Lembro quando ela ia dar aula na Escola Típica Rural Fazendinha, em Bezerros, seis léguas distante de casa, acompanhada de meu avô e das crianças que iam se integrando ao grupo ao longo do caminho, até chegar à escola – ela dava aulas as quatro séries que ficavam juntas na mesma sala. À tardinha o cortejo voltava, e ela e meu avô iam devolvendo as crianças às suas mães, pelo caminho. Durante o inverno, minha mãe montava um b***o puxado por meu avô, para atravessar a lama que se acumulava na estrada de barro vermelho, dificultando a caminhada a pé. Na parte da manhã, as aulas eram de linguagem, matemática, história e geografia; à tarde, de catecismo e trabalhos manuais.
Um domingo por semestre, o padre amigo da família ia ao grupo escolar para celebrar missa, primeira comunhão, batizar e casar os moradores da zona rural. O dia era de muita festa. Além das celebrações, havia uma exposição dos trabalhos manuais feitos pelos alunos durante o semestre. Minha avó, junto com algumas mães, preparavam o almoço, as sobremesas e os refrescos. Eram dias ansiosamente aguardados e inesquecíveis, onde eu podia brincar o dia inteiro com muitas crianças. Vale salientar que, como professora primária do município, o salário dela cobria, apenas, o ensino das matérias básicas. O conteúdo extracurricular era dado como trabalho voluntário, que também envolvia meus avós e algumas mães de alunos.
Minha mãe publicou dezoito livros nos gêneros poesia e infantojuvenil. Dedicou a vida à família, à pedagogia e à literatura. Participou ativamente de instituições literárias locais e nacionais, e foi presidente por dois mandatos da UBT – União Brasileira de Trovadores. Foi colunista do jornal A Gazeta de Felgueiras em Portugal.

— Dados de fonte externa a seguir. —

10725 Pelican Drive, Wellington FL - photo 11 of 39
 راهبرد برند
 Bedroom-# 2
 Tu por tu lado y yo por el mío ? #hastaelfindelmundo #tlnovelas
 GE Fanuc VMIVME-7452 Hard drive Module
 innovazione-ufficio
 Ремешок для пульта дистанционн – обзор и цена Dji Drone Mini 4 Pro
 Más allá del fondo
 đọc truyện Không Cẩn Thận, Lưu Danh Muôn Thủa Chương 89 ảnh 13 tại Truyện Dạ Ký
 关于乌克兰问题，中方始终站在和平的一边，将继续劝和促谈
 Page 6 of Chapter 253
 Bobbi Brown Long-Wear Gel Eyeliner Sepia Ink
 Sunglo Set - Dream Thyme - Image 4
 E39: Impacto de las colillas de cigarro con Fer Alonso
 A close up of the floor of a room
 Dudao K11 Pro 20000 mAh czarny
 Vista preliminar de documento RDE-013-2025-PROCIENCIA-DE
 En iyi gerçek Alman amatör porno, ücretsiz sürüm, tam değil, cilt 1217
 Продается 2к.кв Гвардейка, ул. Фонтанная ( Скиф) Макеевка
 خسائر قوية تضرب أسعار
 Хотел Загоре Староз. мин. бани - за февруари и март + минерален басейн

Apesar das consequências da separação – na época, uma mulher separada era estigmatizada pela sociedade conservadora –, nunca a vi se lastimar nem falar mal dos que a fizeram sofrer. A sua generosidade permitiu que ela cuidasse de meu pai doente, até a morte dele. Era alegre, bem humorada, e tinha o dom de fazer amizades e preservá-las. A ela devo o que sou. Com ela aprendi a enfrentar situações adversas com lucidez e serenidade. Para ela, todo o meu amor e a minha gratidão eternos.